In regards to the second part of the question, "do you think it can be overcome?" I believe I have already answered that. There is nothing to overcome once you see the gears turning on the inside and figure out how they work.... I suppose the only thing to overcome is how to get inside to see the gears. Few have the will and determination to do so. Regardless of what I say and what young rising want to be rockers might think, there is one undeniable fact that remains true in this situation: If you want a career in music then you have to make your music an industry and I will atest to this: it involves a fucking hell of alot more resposiblility and determination than going through college and achieving the 40 hour work week. At least with that there is a beginning, an end and some sense of security inbetween or at least a 80/20 bet. It still cracks me up to think that there are bands out there who think their odds are even close to that good in regards to "making it" just because somebody somewhere likes them, when they don't have the first damn clue about what that even means to have a career in this business.
In closing I say this; to those who know what it takes to be successful see the "music industry" as a safe waiting to be cracked and within lie the tools to make their real dreams come true. To those who know not.... see a steaming pile of mammal fecies. For some, ignorance is bliss; in the music industry ignorance will get you blissfully nowhere. I for one chose to see the gears.
Sincerely,
Michael Shepard of LOVEDRUG
Sunday, October 05, 2003
My First Weekend With lovedrug.......
it's two minutes before show time, the smokefilled club is packed tight and buzzing with anticipation and I have every guitar part i've been learning for the past few week are flying back and forth through my brain gettin all jumbled.............yes ladies and gentleman its none other than David Thomas Owen the fourth's first show with Lovedrug.....
As soon as we started it came completely naturally......truth is I don't even remember exactly what happened......probably due to the drinks consumed before the show to calm my nerves...hands shaking...sweating palms...

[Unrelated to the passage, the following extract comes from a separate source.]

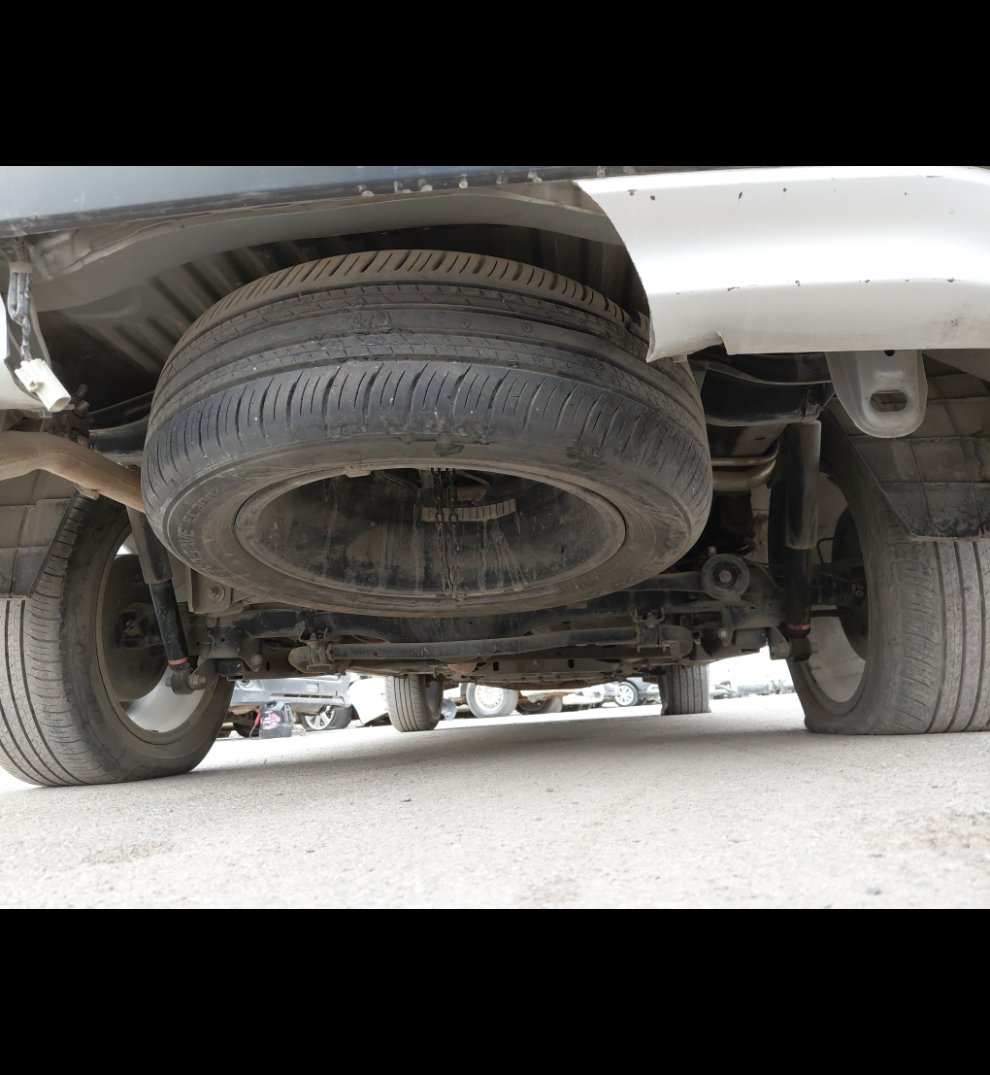 تويوتا راش STD Sports  2023 image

Each show on the following nights that ensued became increasingly more comfortable and by night# 4 on my first lovedrug tour I was feeling at home; not completely unlike a duck in oil soaked Mediteranian waters. Things are now swinging beautifully and Michael and I are locking in like two (heterosexual)puzzle pieces that were destined to be put together in some sort of alternate universe same knot on the rope music making way. So, being an official band memeber now feels like coming home and I look forward to writing the next record with Michael and Adam.